SchülerInnen, die aus einem schwächeren sozioökonomischen Umfeld kommen, werden damit jede Wahl genommen, in manchen Bezirken der Ballungsräume droht die HS/KMS zu einer Restschule zu verkommen. Dabei ist aber nicht von Belang - wie das kleinformatige Hetzblatt und andere RassistInnen immer meinen - wie groß der Anteil der nicht muttersprachlich deutschsprechenden Kinder ist, sondern welche Ressourcen und Fördermaßnahmen bereit stehen, welches außerschulische Umfeld "mitspielt" und welche sozialen und gesellschaftlichen Kräfte zum Tragen kommen. Es ist dennoch erstaunlich, wie gute Leistungen unter schwierigsten Bedingungen von diesen Kindern erbracht werden – und dies, obwohl gerade auf dem Gebiet der Integration und des (auch muttersprachlichen) Spracherwerbs in den letzten Jahren gnadenlos gespart wurde.

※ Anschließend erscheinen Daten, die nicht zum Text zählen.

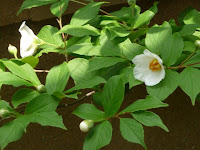 沙羅の花は一日だけ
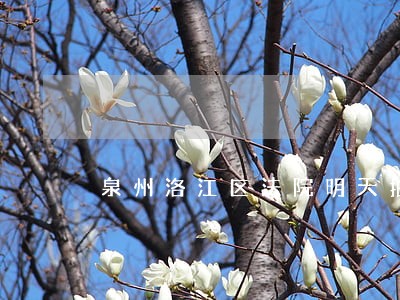 泉州洛江区法院明天拍卖的有什么 泉州洛江区法院明天拍卖的有什么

Denn eines muss klar sein:
Die Krise der Mittelstufe hat sich durch die Einsparungen des letzten Jahrzehnts massiv verschärft. Dies äußert sich unter Anderem durch verschlechterte Arbeitsbedingungen für LehrerInnen und SchülerInnen, Sparmaßnahmen der letzten Jahrzehnts (Stundenkürzungen, gestrichene Stütz-, Förder- und Integrationsmaßnahmen, große Klassen, Arbeitszeiterhöhung ...), veränderte gesellschaftliche Rahmenbedingungen für die heranwachsende Generation (ungewisse Zukunftsaussichten, Arbeitslosigkeit und prekäre Beschäftigung, Studiengebühren), Basiswissen und Grundkompetenzen für alle werden nicht mehr ausreichend vermittelt (OECD-, PISA-Studien), soziale Benachteiligung im derzeitigen Schulsystem wird verstärkt, zunehmende Überforderung von LehrerInnen (Burn out und Frühpensionierungen trotz Abschlägen als Symptom).
Resümee
Es führt kein Weg an der Gesamtschule vorbei. Das "Herumdoktern" an einer überkommenen Organisationsform kostet unnötiges Geld und vor allem Ressourcen und Zeit. Die schrittweise Entwicklung und Umsetzung eines österreichischen Gesamtschulmodells mit differenziertem, individuellen Eingehen auf die SchülerInnen von heterogenen Klassen, das mit der Verlängerung der gemeinsamen Schulzeit von vier auf wenigstens acht Jahre auch die Integration von „AusländerInnen“ verbessert, ist eine pädagogische und soziale Notwendigkeit. Die Wahlfreiheit ist nicht in Gefahr, wenn am Ende der Schulpflicht die Wahlfreiheit für alle Kinder und Jugendlichen um ein Vielfaches erhöht und weitgehend von sozioökonomischen Voraussetzungen entkoppelt wird.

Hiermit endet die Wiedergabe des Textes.